No visit to Whitby is complete until you have visited the old church on the East Cliff. No matter from which angle you approach it you will not be prepared for what awaits you inside.

Enter into a small low ceiling area, and then open the double doors to a building that takes your breath away. If you are looking for ornamental stone work, Gothic arch's etc., turn round and leave but if you are looking for Whitby's history then you will find it all around.

If you take a look at the east side of the tower you will see signs that indicate the pitch of the first church. That building was a long narrow building that stretched the full length of the building you now see. That makes the building much older than the adjacent abbey ruins. As the population of the town grew, a bigger church was needed so they added on the South Transept, also older than the abbey. As the town grew even larger the North Transept was added to accommodate the growing congregation, giving the building the traditional cross appearance.
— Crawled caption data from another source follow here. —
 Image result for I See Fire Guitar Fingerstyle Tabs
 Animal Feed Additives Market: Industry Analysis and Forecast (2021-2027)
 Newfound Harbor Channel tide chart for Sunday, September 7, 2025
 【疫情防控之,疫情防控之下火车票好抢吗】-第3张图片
In the early 1800's it was enlarged yet again giving you the present size and shape. The Church has two Norman arches one hidden by the Lord of the Manor's pew, and the other cannot be seen as it is behind the organ and indicates a grand doorway via the tower. The tower has a fine peal of 10 bells.

To give more seating the building is full of galleries and it now has provision to seat over two thousand people. To make extra space the staircases to some of the galleries are on the outside of the building. It is recorded that at one memorial service the congregation exceeded three thousand. At the time of the last extension one had to pay for a seat in the church. Thus the smaller you made them the more you got in. At one time the Parish church was also used by local communities that did not possess a church and those townships had several seats allocated to them. They even had their own church wardens and retained any money taken at the collection. Several pews were also allocated for the poor. The seating provided for anyone attending services but who was not a resident of Whitby are marked "For Stranger Only".
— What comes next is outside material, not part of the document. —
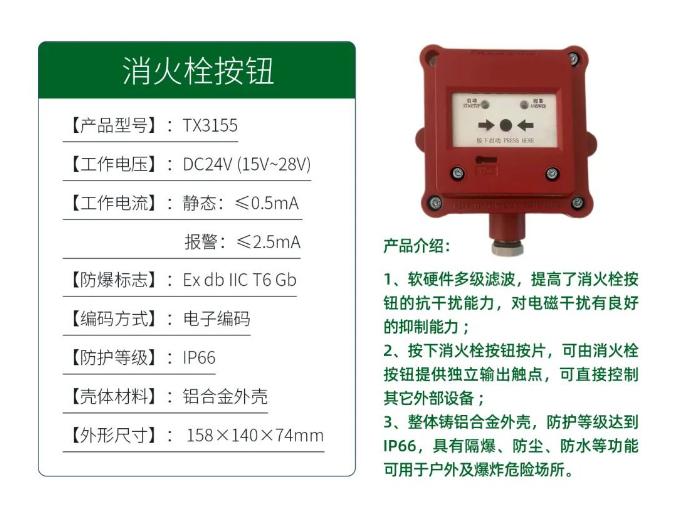 泰和安工业型隔爆系列产品上市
No matter where you sit in the building you can be seen by the person using the top level of the three decker pulpit. At the back of the pulpit parts of an ear trumpet device are fitted so that the wife of the Rector, who we are informed was partly deaf, could hear the sermon given by her husband. The main use of the pulpit was the to emphasise the spoken word rather than looking for the nonexistent altar.
The Lord of the Manor's pew was placed so that those seated there could see all that was taking place, and also see if any of their workers were absent from church. The Lord of the Manor's pew has its own private entrance again on the outside of the building.

On your left of the aisle can be seen a small cupboard in which were placed loaves of bread to be given to the poor attending services. The walls are covered by an assortment of memorials to past members of Whitby. One of the memorials differs as it uses two different methods of keeping dates. Two boards placed in the roof space of the chancel due to lack of wall space are often missed by visitors. The building contains some interesting monuments which are self explanatory. There are also lots of pen knife graffiti but you would need permission to start to look for them and plenty of spare time.
Whitby does not have any war memorials, but the names of men and women who died for their country in the African Wars, WWI and WWIIare to found in the church. The entrance porch and the ringing room of the tower also have wall boards for several of the charities of the town and the ringing of bells for special occasions. Some stones dotted about the church are pieces that have been found during various building work.

The building has some stained glass, mostly by Kemp. The oldest glass is the window in the south transept, This was originally in the east wall of the chancel but was moved at the time of the restoration of the chancel in 1901.
The small font of unknown date is still in use. The two stone fonts on the chancel steps were returned to the church after being used as field troughs for many years on a farm near Aislaby.
The Church has a moveable altar table, one of the oldest in the country. Some regard such things as modern but Whitby has been modern for several hundred years!

After the last extension was built it was decided to install an organ. The location meant a loss of a number of pews. The present organ still has the original pipe work, but some extra stops were added at the major restoration in the early 1900's. History of music before the organ installation is very sketchy, but records indicate at that time there was no choir. Some will tell you the Vamp horn found in the building would have been used to aid singing, but the instrument was presented to the church for safe keeping, and the donors have not been able to give any of it's history.

On the south side outside you can see the position of a doorway. This wall was in danger of collapsing so it was totally rebuilt. Stone found in the old walls are an indication of some of the original ornamentation of a doorway that had been done away with when they built two new entrances to the Church. A memorial stone that was in the original porch door way is to be seen on your right in the newer south porch.

Out side the church there are very many grave stones. When the burial ground had to close Mr.Waddington recorded every inscription so preserving for Whitby information which has now started to disappear due to weather erosion. Many of the grave stones have names of ships, trades or professions and also name the place where people died or are buried, if different to Whitby. An interesting feature in the church yard is a memorial stone to the Huntrod family. This stone must have been brought from another location as the people mentioned do not appear in the birth, marriages and deaths in Whitby records, but obviously must have existed. Several stones have been moved in the past in order to present a neat and tidy area on the South side. The 199 Church Stairs (to give them the correct title) are also part of the church yard and have no historical connection with Whitby Abbey.